Wednesday, October 29, 2003

War isn't cheap

Read this important editorial by Richard Hart Sinnreich that makes a point that few of the Bushies seem to understand: winning is defined by the losers. It is only when your opponent accepts the fact that they have lost that you have truly won.

... Very few wars have ended in the loser's annihilation. Most end instead with his acceptance of defeat, aware that no amount of courage, stamina or self-sacrifice can reverse the outcome. The challenge is to bring that condition about as quickly and inexpensively as possible.

But history repeatedly has demonstrated that fighting a war quickly and cheaply doesn't guarantee winning it quickly and cheaply. Indeed, the two more often than not tend to be mutually exclusive. It was for that reason above all that Prussian theorist Carl von Clausewitz was right to insist that the most vital judgment before going to war is understanding the kind of war on which one is embarking.

Rumsfeld's "war on the cheap" strategy may be the biggest blunder of all.

Update: Josh Marshal expanded on this concept in a column published before the war (March 19th) about the reconstruction of Germany and Japan after World War II. He makes the point that the success of the post-war program in those countries was based, in part, on the totality of the defeat they suffered at the hands of the allies:

Violence, death and destruction on such a massive scale have a profound conditioning effect on the psyches of individuals. And the same applies to whole nations. Japan and Germany weren’t just ‘defeated’ or ‘occupied,’ they were crushed — not just their armies, but their civilian populations too. This led to a sort of national humiliation and a transformative willingness to embrace defeat and change.

True defeat changes people and nations too. The fact that our subsequent occupation turned out to be so benign was extremely important. But part of that importance was the contrast between how much these populations had suffered during the war and how much better things got for them after we took over.

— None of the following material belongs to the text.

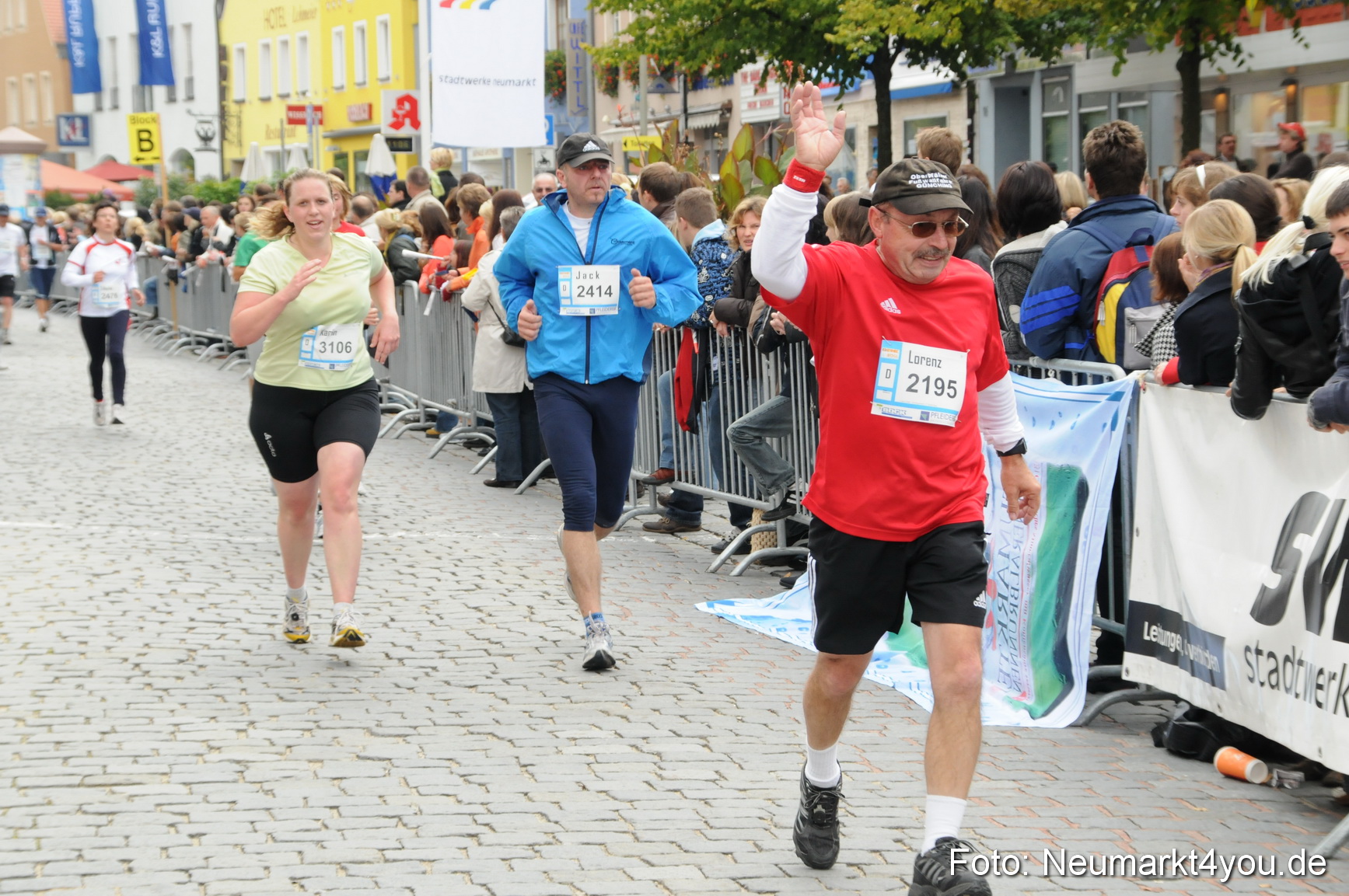 0132 Zieleinlauf Stadtlauf Neumarkt 2008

What is ironic about this is that the idea of "transformative defeat" is a concept embraced by the neo-cons. Yet it is the neo-cons who have also tried to push the idea of "war on the cheap" (both in terms of cash and lives lost), perhaps because they realized that an expensive war, a bloody war, would be a hard sell in modern America. The problem is that the two ideas appear to be mutually incompatible. You can't produce a "transformative defeat" without the humiliation that comes from a total defeat, yet a total defeat is an expensive proposition for the victor as well as the defeated.

What is doubly ironic is that the Iraq war may turn out to be one of our most expensive wars, yet the failure to push it towards a "transformative defeat" may make it one of our most costly failures.

One has to wonder if it could not lead to our own "transformative defeat".